Why Do AI Agents Forget and Hallucinate? A Complete Guide to KV‑Cache Memory Mechanisms
The article explains that AI agents’ forgetting and hallucinations stem from token‑level attention scores causing key‑value cache eviction before retrieval, then surveys KV‑cache basics, naive growth, streaming‑LLM windowing, SnapKV’s attention‑guided compression, token‑retention studies, Memory Sparse Attention, compares these methods, and discusses practical system pitfalls and design implications.
1. Conclusion: Memory issues are not always retrieval problems
Your AI agent often forgets important context and even hallucinates details. This is usually not because Retrieval‑Augmented Generation (RAG) failed to retrieve anything or the external memory is poorly designed. The problem occurs earlier: critical tokens are dropped by the attention mechanism and KV cache.
Most memory problems arise before retrieval. At around the 4096‑th token, a key piece of information silently disappears from the cache and nothing restores it.

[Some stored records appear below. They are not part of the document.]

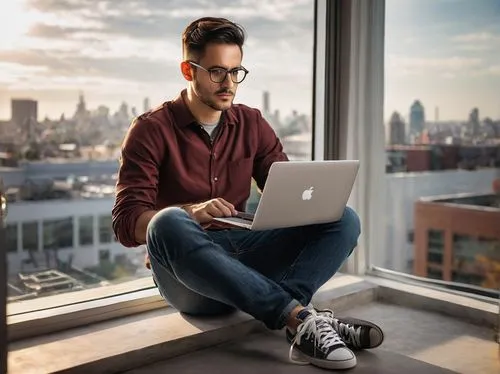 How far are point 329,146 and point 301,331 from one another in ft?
3.73

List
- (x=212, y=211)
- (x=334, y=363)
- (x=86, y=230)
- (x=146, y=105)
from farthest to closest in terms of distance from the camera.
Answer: (x=146, y=105) → (x=86, y=230) → (x=212, y=211) → (x=334, y=363)

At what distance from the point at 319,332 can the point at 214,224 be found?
53cm

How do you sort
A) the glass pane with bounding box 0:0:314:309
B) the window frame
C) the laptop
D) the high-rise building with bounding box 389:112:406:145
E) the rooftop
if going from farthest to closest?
the high-rise building with bounding box 389:112:406:145 < the rooftop < the glass pane with bounding box 0:0:314:309 < the laptop < the window frame

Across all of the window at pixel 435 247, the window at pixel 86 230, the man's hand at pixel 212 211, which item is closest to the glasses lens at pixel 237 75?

Every time the model processes a token it runs attention, scoring each token. High‑score tokens are kept; low‑score tokens are evicted when the cache is full.
This simple mechanism, without any external system, determines what the model continues to attend to.
KV‑cache compression papers repeatedly emphasize that the issue is not speed but what the model is allowed to remember. This is more a design problem for agents than an infrastructure issue.
2. What is KV Cache?
When a Transformer processes a sentence, it computes a (K, V) pair for each token and stores them. New tokens attend over all stored (K, V) pairs to decide the next output. Caching avoids recomputing the entire context at every step.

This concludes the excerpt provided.